How do you find easy speed? For starters, think about swimming with precise movements and relaxing on the recovery part of each stroke. It also helps if you focus more on tempo—the speed of your arms through the water—than on power or “pulling more water.”
Easy speed tends to be a bit like those pixelated 3D posters: if you look right at it, the image vanishes. In the pool, if you are thinking only about going fast, your easy speed will remain elusive and you’ll probably end up fighting the water. But if you blur your mental focus, your easy speed will emerge, almost magically.
Once you have done some easy-speed laps, you should discover that you literally feel warm. (Warm-up increases your heart rate, core temperature, and blood flow to your muscles.) You’re almost ready to test-fire your top-end speed. First, however, you need to build into it a few times. Try to carry good technique into your speed and make sure your body is ready to go fast. If you have found easy speed, try to maintain it throughout this step and the next. Here’s one way to build into your top-end speed.
Don’t be afraid to swim hard in warm-up. Your body needs that kind of fast, strong effort to turn on all your energy systems. The first effort of the day often feels terrible. But the next time you swim hard you will usually feel much better and smoother. If you are waiting for your race or the main set to swim hard, you’re not giving your body a chance to perform at its best.
Swim four 25s (or 50s, if you are a more proficient swimmer) of freestyle in which you build your speed. Start the first lap at about 50% of your maximum effort and build to about 80%. Rest briefly between efforts. The next effort should begin a little faster than the first and build to about 90% of your maximum speed. On the next one, begin even a little faster than the previous one and build to your absolute maximum speed in the last 10 meters. For the last one, swim the entire effort virtually all-out.
By the end of your build efforts, you should be breathing hard. Immediately after your build freestyle laps, swim some easy laps of technique-focused recovery.
Once you’ve elevated your heart rate with your build freestyle swims, you’re ready to test-fire your race systems. When your heart rate has recovered from your build 25s (or 50s), see if you can go from recovery pace to all-out sprint pace instantaneously mid-pool.
If you cannot change speeds quickly, you may just need more warm-up time. Swim a few more laps focused on technique, keeping your speed (and heart rate) fairly high.

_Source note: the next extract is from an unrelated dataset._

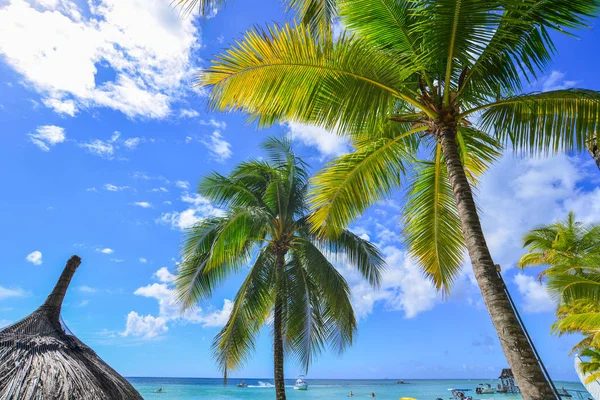 Bellissimo paesaggio marino dell'isola di Mauritius — Foto Stock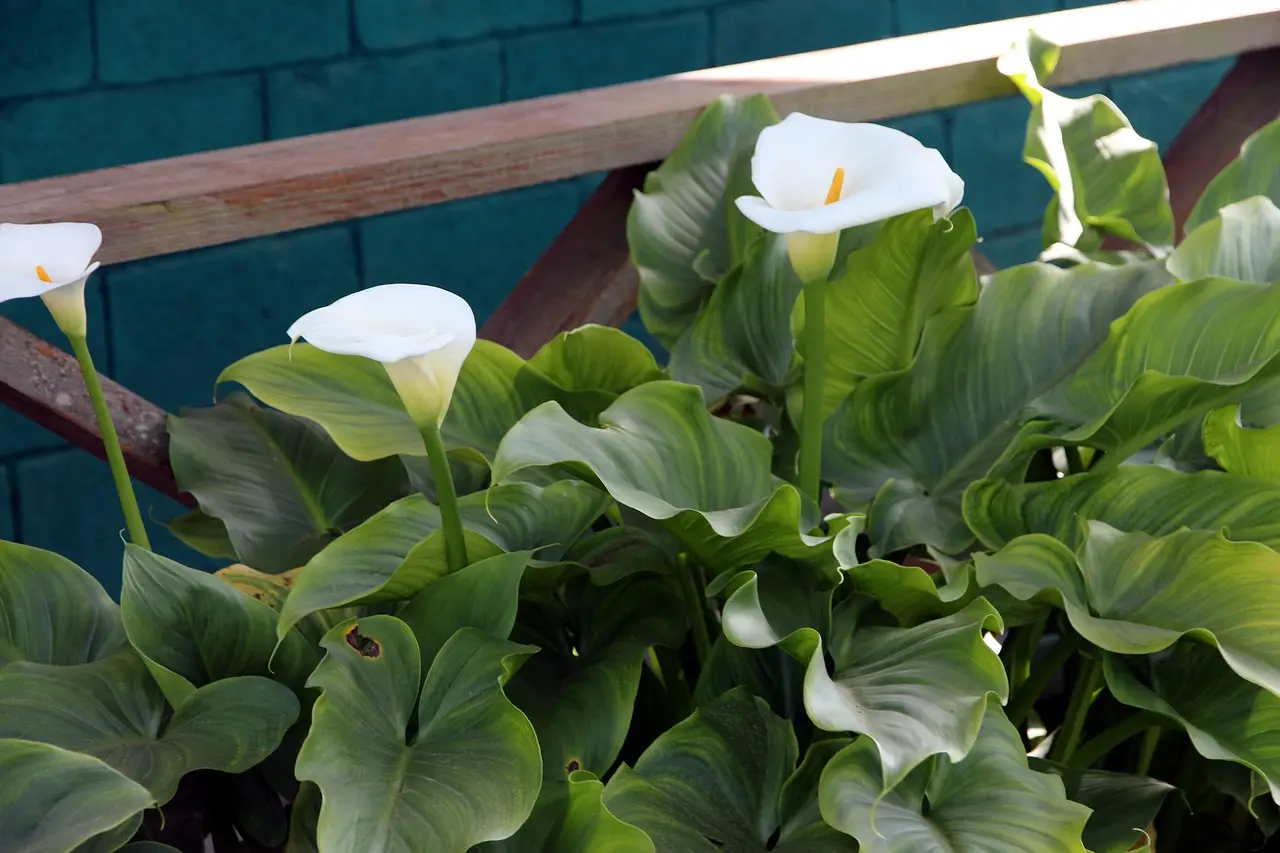 Is a calla lily an indoor or outdoor plant?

Believe it or not, you can have great swims even on days when everything feels “off.” Before your race, get in a second warm-up, and you might discover that it's much easier to change speeds (and after only a few laps).
Some athletes will break into a sprint 10 meters from the wall and carry that speed through their flip turn. If the transition from easy to fast swimming felt natural and not forced, your warm-up is almost over. If you are a distance swimmer, you will need to do some pace work—a couple of laps at the pace you want to swim in your race—before moving on to the next step.
Practice at least one start during warm-up. Remember that the beginning of your race is more than just a dive from the blocks. In your warm-up starts, you want to leave the blocks quickly, do quality underwater work, get a clean breakout, and do 4 to 10 strokes just the way you will do them in a race.
If you’re warming up for a sprint event, you’ll want to go all-out for about half a lap. If you’re practicing the start of a distance race, swim the whole lap at your race pace. When you are done with your start(s), make sure you get a good cool down, at least 200 yards or meters. Just as you did in the beginning of your warm-up, focus on staying relaxed and swimming with good technique.
Warming Up Is Important
Keep in mind that warm-up is more than just swimming a certain distance. Warm-up is a physical and mental process that can vary immensely from person to person. Experiment with your warm-ups and find out what works best for you.